- What the exercise asks
Below are some records; output exactly the lines from the line with "Set of Red Metal Car Ramps" to the line with "ailibride long flower", both ends kept, and nothing more.
- - - -
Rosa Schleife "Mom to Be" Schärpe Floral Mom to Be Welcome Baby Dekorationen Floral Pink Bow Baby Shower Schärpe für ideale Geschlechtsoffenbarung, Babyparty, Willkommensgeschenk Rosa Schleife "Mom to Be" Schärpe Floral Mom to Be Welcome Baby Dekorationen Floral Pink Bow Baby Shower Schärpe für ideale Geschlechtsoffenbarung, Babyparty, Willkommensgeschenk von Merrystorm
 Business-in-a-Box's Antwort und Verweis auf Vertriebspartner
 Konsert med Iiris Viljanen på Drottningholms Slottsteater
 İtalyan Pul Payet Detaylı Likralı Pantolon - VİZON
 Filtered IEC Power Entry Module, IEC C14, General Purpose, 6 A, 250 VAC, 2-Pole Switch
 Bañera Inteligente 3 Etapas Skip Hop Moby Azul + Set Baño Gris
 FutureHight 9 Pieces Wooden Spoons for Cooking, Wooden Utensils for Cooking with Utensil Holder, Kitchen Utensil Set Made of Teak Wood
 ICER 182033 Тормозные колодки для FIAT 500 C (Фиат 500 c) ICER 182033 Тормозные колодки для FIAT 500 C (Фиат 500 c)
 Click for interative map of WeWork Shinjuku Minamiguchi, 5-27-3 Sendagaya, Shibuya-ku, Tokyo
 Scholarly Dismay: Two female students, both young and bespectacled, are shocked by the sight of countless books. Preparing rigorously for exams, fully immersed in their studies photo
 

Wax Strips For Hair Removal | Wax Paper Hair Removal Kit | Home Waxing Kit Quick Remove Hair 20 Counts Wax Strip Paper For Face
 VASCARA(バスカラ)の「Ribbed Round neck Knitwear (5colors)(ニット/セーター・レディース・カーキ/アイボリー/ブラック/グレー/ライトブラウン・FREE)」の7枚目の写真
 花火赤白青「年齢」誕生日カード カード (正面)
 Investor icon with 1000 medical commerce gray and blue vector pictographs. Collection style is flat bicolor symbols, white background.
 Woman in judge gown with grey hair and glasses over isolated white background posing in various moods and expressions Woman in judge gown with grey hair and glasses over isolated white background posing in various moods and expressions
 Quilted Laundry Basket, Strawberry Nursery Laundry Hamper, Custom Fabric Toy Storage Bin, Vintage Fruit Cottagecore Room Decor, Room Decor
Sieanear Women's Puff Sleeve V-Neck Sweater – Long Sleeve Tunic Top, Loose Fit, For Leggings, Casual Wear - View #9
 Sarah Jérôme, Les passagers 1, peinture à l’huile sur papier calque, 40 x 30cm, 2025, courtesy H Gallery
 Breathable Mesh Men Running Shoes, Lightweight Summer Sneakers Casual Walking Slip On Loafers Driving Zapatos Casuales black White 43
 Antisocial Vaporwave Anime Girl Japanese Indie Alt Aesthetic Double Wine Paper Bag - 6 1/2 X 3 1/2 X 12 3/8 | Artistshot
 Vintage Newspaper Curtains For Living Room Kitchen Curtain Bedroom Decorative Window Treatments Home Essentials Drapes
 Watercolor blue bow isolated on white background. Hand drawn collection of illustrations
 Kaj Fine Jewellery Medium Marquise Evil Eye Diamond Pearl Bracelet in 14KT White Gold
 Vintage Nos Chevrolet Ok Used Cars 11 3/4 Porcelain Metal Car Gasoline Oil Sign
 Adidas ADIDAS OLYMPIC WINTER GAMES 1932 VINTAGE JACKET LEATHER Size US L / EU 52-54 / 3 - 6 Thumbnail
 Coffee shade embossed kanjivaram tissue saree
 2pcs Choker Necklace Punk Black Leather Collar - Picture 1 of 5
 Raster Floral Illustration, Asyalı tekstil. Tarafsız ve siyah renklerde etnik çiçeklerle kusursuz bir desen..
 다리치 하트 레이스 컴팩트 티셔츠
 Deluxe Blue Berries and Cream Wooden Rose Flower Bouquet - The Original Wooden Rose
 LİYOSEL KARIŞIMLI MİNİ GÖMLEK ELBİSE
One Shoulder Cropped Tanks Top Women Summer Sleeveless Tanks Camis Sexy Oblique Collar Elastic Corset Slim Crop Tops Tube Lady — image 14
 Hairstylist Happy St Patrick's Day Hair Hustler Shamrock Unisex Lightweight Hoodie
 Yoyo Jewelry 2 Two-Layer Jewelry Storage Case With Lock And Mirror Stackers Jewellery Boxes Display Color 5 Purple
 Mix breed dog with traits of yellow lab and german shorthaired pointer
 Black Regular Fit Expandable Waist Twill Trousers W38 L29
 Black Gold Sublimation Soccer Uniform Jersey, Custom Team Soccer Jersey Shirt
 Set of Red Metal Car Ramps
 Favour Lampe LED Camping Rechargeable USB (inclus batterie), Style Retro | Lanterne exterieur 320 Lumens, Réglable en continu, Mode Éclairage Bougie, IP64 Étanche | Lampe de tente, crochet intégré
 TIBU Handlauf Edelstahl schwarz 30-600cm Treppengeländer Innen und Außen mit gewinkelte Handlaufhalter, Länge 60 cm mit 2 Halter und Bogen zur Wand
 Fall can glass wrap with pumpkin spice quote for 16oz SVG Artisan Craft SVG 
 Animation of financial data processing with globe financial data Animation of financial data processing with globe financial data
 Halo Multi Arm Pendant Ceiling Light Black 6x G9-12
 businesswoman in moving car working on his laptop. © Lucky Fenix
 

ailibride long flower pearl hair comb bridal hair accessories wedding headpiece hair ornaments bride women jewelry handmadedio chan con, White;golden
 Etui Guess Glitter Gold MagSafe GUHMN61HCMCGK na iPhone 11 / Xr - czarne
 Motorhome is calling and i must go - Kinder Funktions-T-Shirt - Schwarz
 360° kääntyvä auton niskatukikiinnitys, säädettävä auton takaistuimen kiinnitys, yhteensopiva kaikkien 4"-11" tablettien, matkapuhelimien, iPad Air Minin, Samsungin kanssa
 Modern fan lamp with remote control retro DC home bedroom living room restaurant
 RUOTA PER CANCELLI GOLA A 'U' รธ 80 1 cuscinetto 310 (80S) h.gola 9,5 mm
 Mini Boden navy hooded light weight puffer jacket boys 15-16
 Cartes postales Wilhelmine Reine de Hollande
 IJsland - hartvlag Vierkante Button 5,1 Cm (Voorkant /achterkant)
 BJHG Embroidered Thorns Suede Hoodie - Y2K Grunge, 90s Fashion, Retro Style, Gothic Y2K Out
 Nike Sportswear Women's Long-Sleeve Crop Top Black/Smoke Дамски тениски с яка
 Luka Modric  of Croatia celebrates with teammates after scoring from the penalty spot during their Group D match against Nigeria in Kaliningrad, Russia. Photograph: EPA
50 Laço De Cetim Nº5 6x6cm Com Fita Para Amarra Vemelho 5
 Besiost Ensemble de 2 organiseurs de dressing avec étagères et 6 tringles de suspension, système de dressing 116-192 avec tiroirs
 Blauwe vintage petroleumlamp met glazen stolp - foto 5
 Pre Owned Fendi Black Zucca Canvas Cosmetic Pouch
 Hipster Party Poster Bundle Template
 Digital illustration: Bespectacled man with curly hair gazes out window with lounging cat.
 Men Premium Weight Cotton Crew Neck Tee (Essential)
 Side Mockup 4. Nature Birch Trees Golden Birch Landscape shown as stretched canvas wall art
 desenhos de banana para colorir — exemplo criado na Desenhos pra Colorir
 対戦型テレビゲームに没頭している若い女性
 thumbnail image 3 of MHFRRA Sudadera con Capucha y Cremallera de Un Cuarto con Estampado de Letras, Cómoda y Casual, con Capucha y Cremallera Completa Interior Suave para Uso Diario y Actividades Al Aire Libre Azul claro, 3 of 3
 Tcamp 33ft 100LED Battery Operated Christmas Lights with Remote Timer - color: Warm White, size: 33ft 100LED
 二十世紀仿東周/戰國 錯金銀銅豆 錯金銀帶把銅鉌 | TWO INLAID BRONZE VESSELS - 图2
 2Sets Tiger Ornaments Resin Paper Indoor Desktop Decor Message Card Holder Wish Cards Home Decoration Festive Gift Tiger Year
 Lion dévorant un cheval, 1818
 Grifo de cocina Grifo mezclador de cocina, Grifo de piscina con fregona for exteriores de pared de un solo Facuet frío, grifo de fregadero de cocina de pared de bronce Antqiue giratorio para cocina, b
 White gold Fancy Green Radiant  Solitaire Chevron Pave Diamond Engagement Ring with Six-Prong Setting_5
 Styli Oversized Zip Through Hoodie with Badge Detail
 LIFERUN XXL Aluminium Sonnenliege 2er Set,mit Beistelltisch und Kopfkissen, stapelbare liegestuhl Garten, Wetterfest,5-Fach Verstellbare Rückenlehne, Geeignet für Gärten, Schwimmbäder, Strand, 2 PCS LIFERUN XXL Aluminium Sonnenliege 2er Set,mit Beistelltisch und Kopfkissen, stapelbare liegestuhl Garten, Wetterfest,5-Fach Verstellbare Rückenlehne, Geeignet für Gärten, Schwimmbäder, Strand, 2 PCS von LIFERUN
- - - -
- Solution
 Set of Red Metal Car Ramps
 Favour Lampe LED Camping Rechargeable USB (inclus batterie), Style Retro | Lanterne exterieur 320 Lumens, Réglable en continu, Mode Éclairage Bougie, IP64 Étanche | Lampe de tente, crochet intégré
 TIBU Handlauf Edelstahl schwarz 30-600cm Treppengeländer Innen und Außen mit gewinkelte Handlaufhalter, Länge 60 cm mit 2 Halter und Bogen zur Wand
 Fall can glass wrap with pumpkin spice quote for 16oz SVG Artisan Craft SVG 
 Animation of financial data processing with globe financial data Animation of financial data processing with globe financial data
 Halo Multi Arm Pendant Ceiling Light Black 6x G9-12
 businesswoman in moving car working on his laptop. © Lucky Fenix
 

ailibride long flower pearl hair comb bridal hair accessories wedding headpiece hair ornaments bride women jewelry handmadedio chan con, White;golden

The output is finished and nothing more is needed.